They say that behind every great man is a great woman. “Napoleon,” Ridley Scott’s clamorously eventful but oddly desultory new epic, wrings its own variation on that idea: Here is a man whose love for a woman fuels and finally destroys his delusions of greatness. He, of course, is Napoleon Bonaparte, played by Joaquin Phoenix with a bicorn hat, a dyspeptic grimace and an unshakable air of post-”Joker,” post-”Beau Is Afraid” tragic clownery. She is Joséphine de Beauharnais, the glittering-eyed widow who will reign at Napoleon’s side for a spell as empress of France, and who is infused with quietly mesmerizing gravity by Vanessa Kirby.
“You are nothing without me,” Napoleon says, infuriated by reports that Joséphine has taken a lover. A few beats later, she seizes the upper hand, sealing a kinky contract of mutual need and ambition that will bind them long after they’ve been dethroned. For now, they conspire to rule over a fractious post-revolutionary France, and also to transform this lavish palatial drama and sinewy war epic into a veritable anti-romantic comedy. Their marriage is a mess of impromptu food fights, garish masquerade balls and frenzied bouts of eye-contact-free sex: Behind many a woman, it seems, thrusts a not-so-great man.

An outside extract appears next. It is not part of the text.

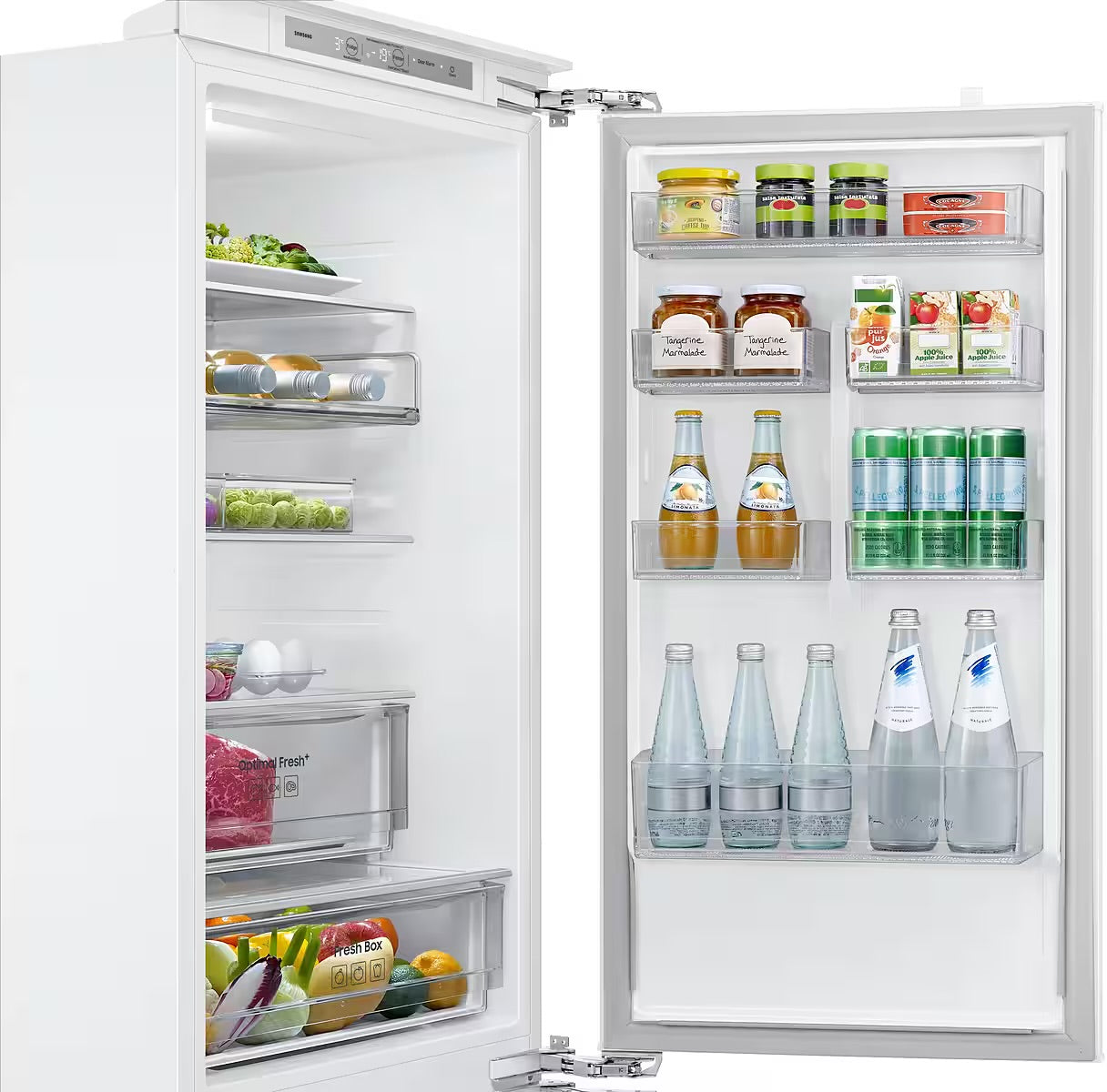 SAMSUNG
Einbaukühlgefrierkombination BRB8OF BRB80F26ACFO
Optimal Fresh+ - Langanhaltende Frische für Fleisch und Fisch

One of the movie’s fitfully tossed-off insights is that Napoleon’s grunting awkwardness in the bedroom and his tactical genius on the battlefield are expressions of the same intense desire — for dominion, conquest and a permanent place in history. Mission accomplished, bien sur. (That’s almost more French than there is in the movie, a few soundtrack chansons aside.)
And yet the aim of “Napoleon,” as written by David Scarpa ( “All the Money in the World” ), is to puncture rather than inflate its subject’s mystique, which still clings to him centuries after his ignominious defeat and death. It means to expose the hollowness of Napoleon’s lust for power, to treat this Corsican outsider’s ascent into the upper echelons of French politics as a spectacularly bad joke — and to ensure that the thousands of casualties he left in his wake, from Toulon and Austerlitz to Borodino and Waterloo, catch in your throat like the cruelest of punchlines.